··· DATA FOR ANALYSIS ···

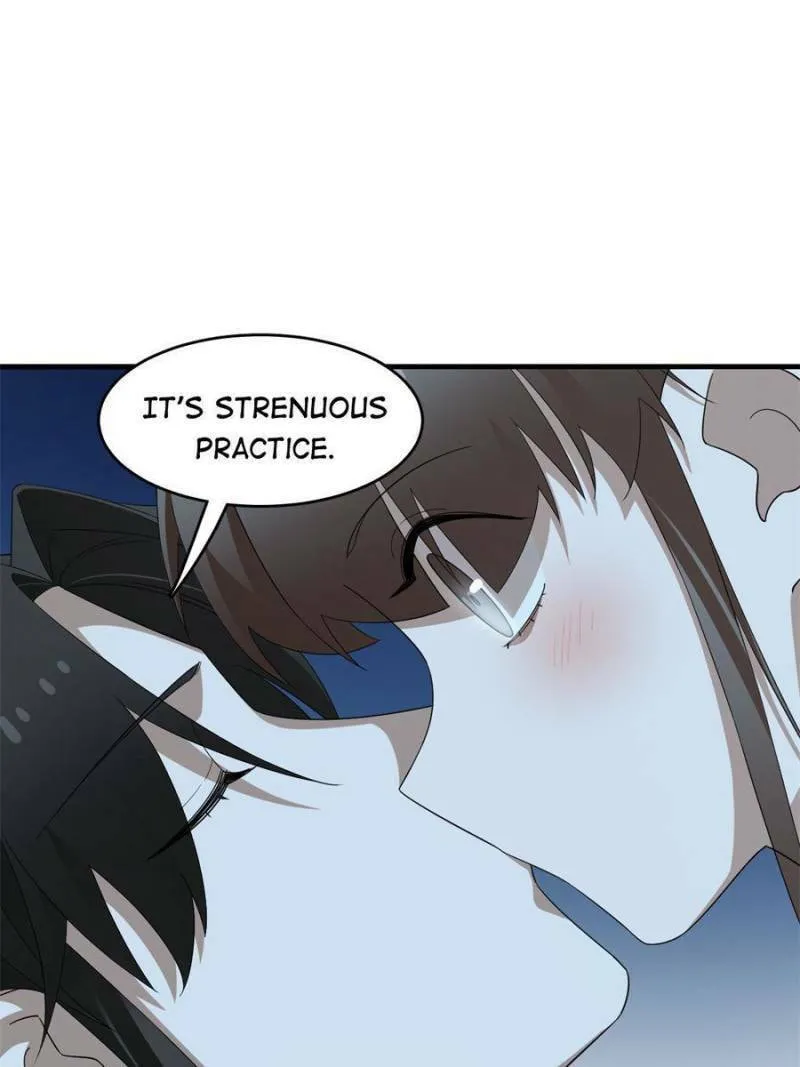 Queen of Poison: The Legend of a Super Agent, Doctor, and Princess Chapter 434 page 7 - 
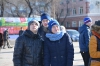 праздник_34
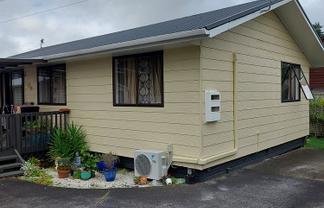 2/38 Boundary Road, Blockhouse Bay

···
··· DATA FOR ANALYSIS ···

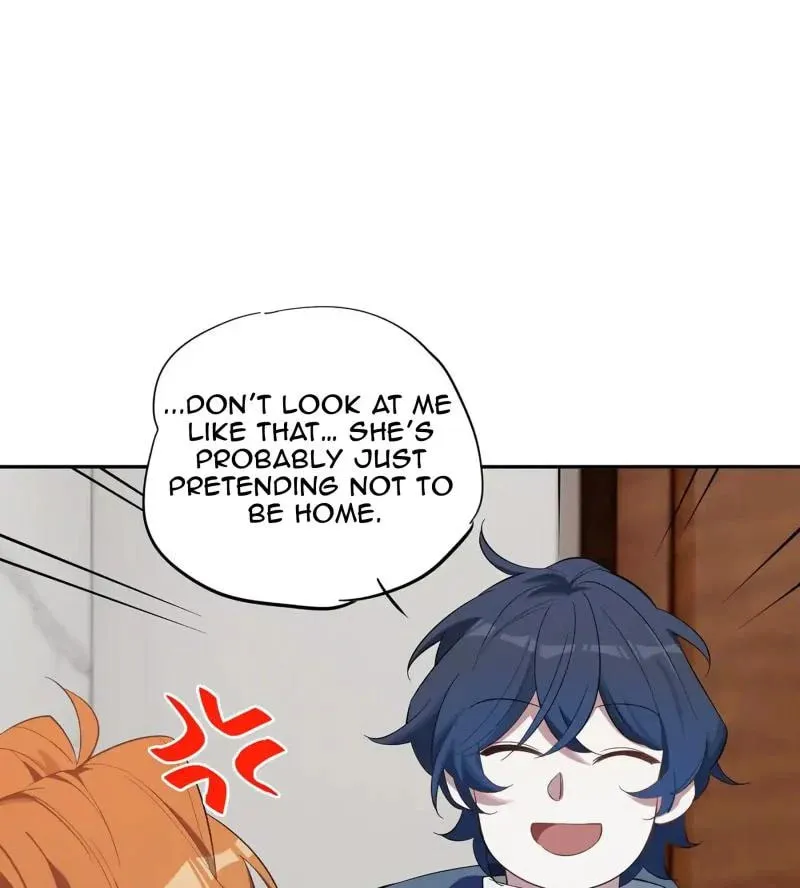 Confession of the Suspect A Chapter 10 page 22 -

···

### TASK
Starting with the line that has "Queen of Poison: The" and going on through the line that has "2/38 Boundary Road, Blockhouse Bay", transcribe the records above exactly, but skip the pictures.

### RESULT
 Queen of Poison: The Legend of a Super Agent, Doctor, and Princess Chapter 434 page 7 - 
 праздник_34
 2/38 Boundary Road, Blockhouse Bay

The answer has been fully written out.